More to say from Jonathan Martin’s new book Prototype. In Chapter 6, he suggests that perhaps there are two kinds of doubt: hopeful doubting in the direction of Jesus and cynicism in the opposite direction of Jesus.
“Thomas, famously, was the last holdout. You know this if you went to Sunday school because history has unfairly labeled him ‘doubting Thomas,’ as if one moment of his life summed up his entire character. Thomas was surely known to his friends for many other things. He may have been the disciple who always brought the coleslaw – ‘old coleslaw Thomas’ to the other guys . . . It’s true that Thomas was a doubter, but he was not a cynic, and that’s an important distinction. Cynics often look for reasons not to believe and won’t be moved by something beautiful – just to make a point – even if it’s staring them down. Thomas wasn’t a cynic, he was a hopeful doubter . . . [The following is based on John 20:26-28.] Jesus wasn’t angry at Thomas.
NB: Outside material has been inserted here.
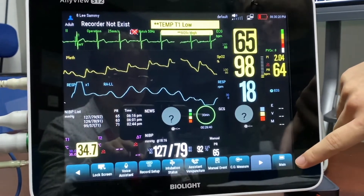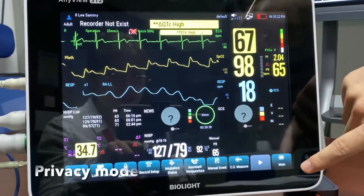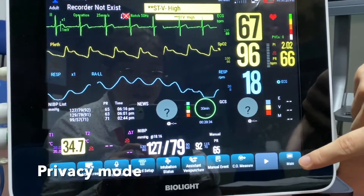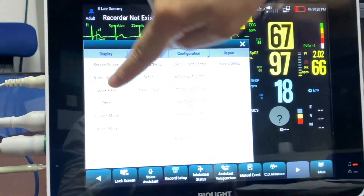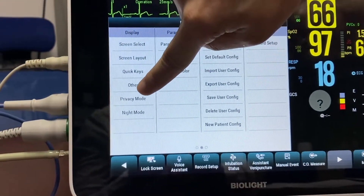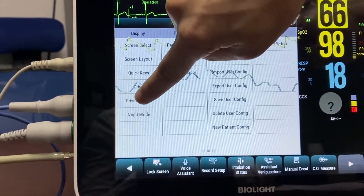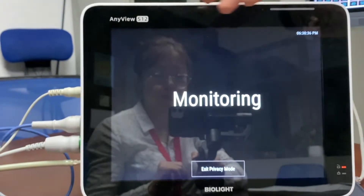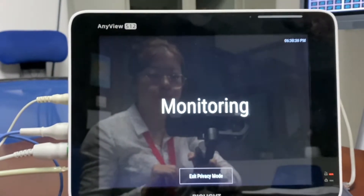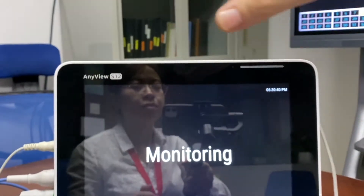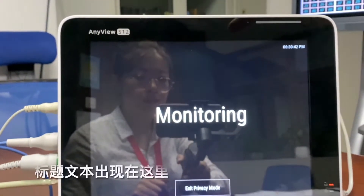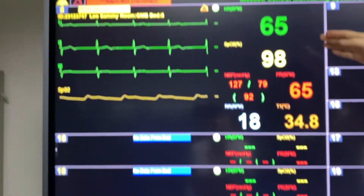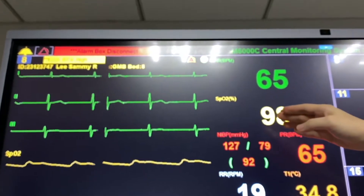If the patient is concerned about their privacy being revealed to the public, we can always go to privacy mode. We can click on the main button and go to privacy mode. The monitor will switch to a privacy mode display screen while continuing to monitor the patient, and the CMS will still display the patient's waveforms at the nurses' station.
When Thomas so desperately needed to feel the wounds (which is how we know anyone is real, incidentally – when we can touch their wounds), Jesus offered His body to Thomas’s probing, intrusive touch. If in order to believe, he needed to touch Jesus in the places where He was hurt, then okay. Jesus is extraordinarily tender to doubters.”
“. . . my doubts do not sum me up any more than they did Thomas. And my doubts are no reason for me not to follow Jesus. I follow Jesus not because I don’t have any doubts. I follow Jesus because in my doubt, He has always been tender with me.”